Clubhouse has had an SQL database containing 1.3 million user records scraped and linked for free on a “popular hacker forum”, CyberNews reported. Clubhouse claims that this is false, and that it has not been breached. The situation appears to have led to some speculation on Twitter.
According to CyberNews, the leaked database contains a variety of user-related information from Clubhouse profiles including: user ID, name, photo URL, username, Twitter handle, Instagram handle, number of followers, number of people followed by the users, account creation date, and invited by user profile name.
CyberNews speculates that the leaked data could be used by threat actors against Clubhouse. It could be used to carry out targeted phishing or other types of social engineering attacks. CyberNews reported that they did not find sensitive data like credit card details or legal documents in the archive that was posted online.
Business Insider also reported about the leak of the personal data of Clubhouse users. It is not the only social media platform that has had this problem. Business Insider said that LinkedIn confirmed that about two-thirds of the platform’s userbase was scraped and posted publicly online. Previous to that, Facebook had a data leak that included the full names, location, email addresses, and other sensitive pieces of information of 533 million Facebook users. That data was posted in a forum.
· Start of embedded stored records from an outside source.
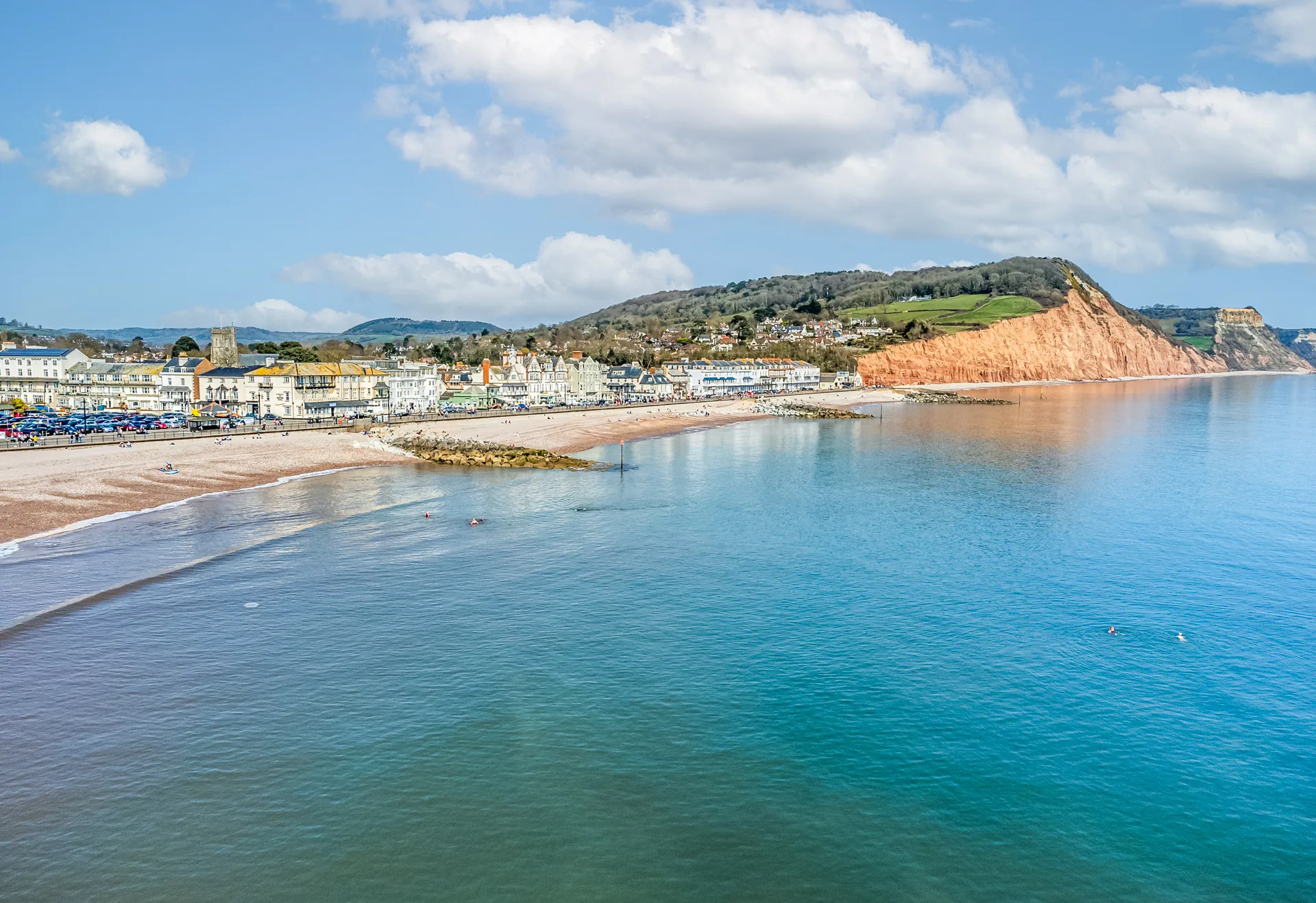 Elevated view along Sidmouth seafront, with the beach, the rock breakwaters offshore and green hills rising behind the town
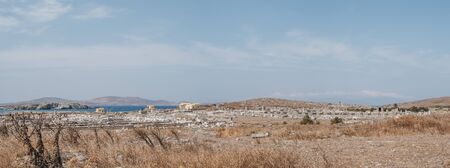 Panoramic view of the ruins on the island of Delos, Greece, an archaeological site near Mykonos in the Aegean Sea Cyclades archipelago.の写真素材
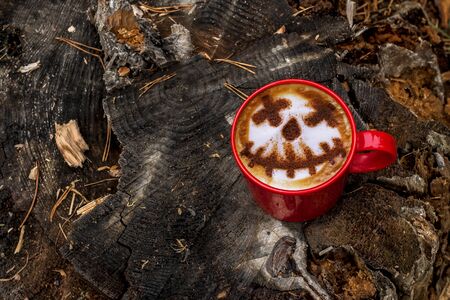 Halloween coffee concept, Female hipster is holding Pumpkin head jack 'o lantern coffee.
Clubhouse responded to the situation by quote-tweeting a tweet from Techmeme about the CyberNews article that reported the scraping of Clubhouse’s user data. Clubhouse tweeted: “This is misleading and false. Clubhouse has not been breached or hacked. The data referred to is all public profile information from our app, which anyone can access via the app or our API.”
I do not use Clubhouse, mostly because I personally feel that it lacks proper support for user privacy. There has been at least one situation in which a Clubhouse user recorded a Clubhouse chat and streamed it online. At the time Clubhouse stated that they permanently banned the user and installed new “safeguards”. It is unclear what those “safeguards” are.
Personally, I feel that Clubhouse’s tweet, insisting that the app had not been breached or hacked, is not enough to convince me Clubhouse will protect user’s information. Clubhouse stated that the data obtained is all public profile information, which anyone who has access to the app can see. Just because the profile is public doesn’t mean people are happy to have that information posted online outside of the Clubhouse app.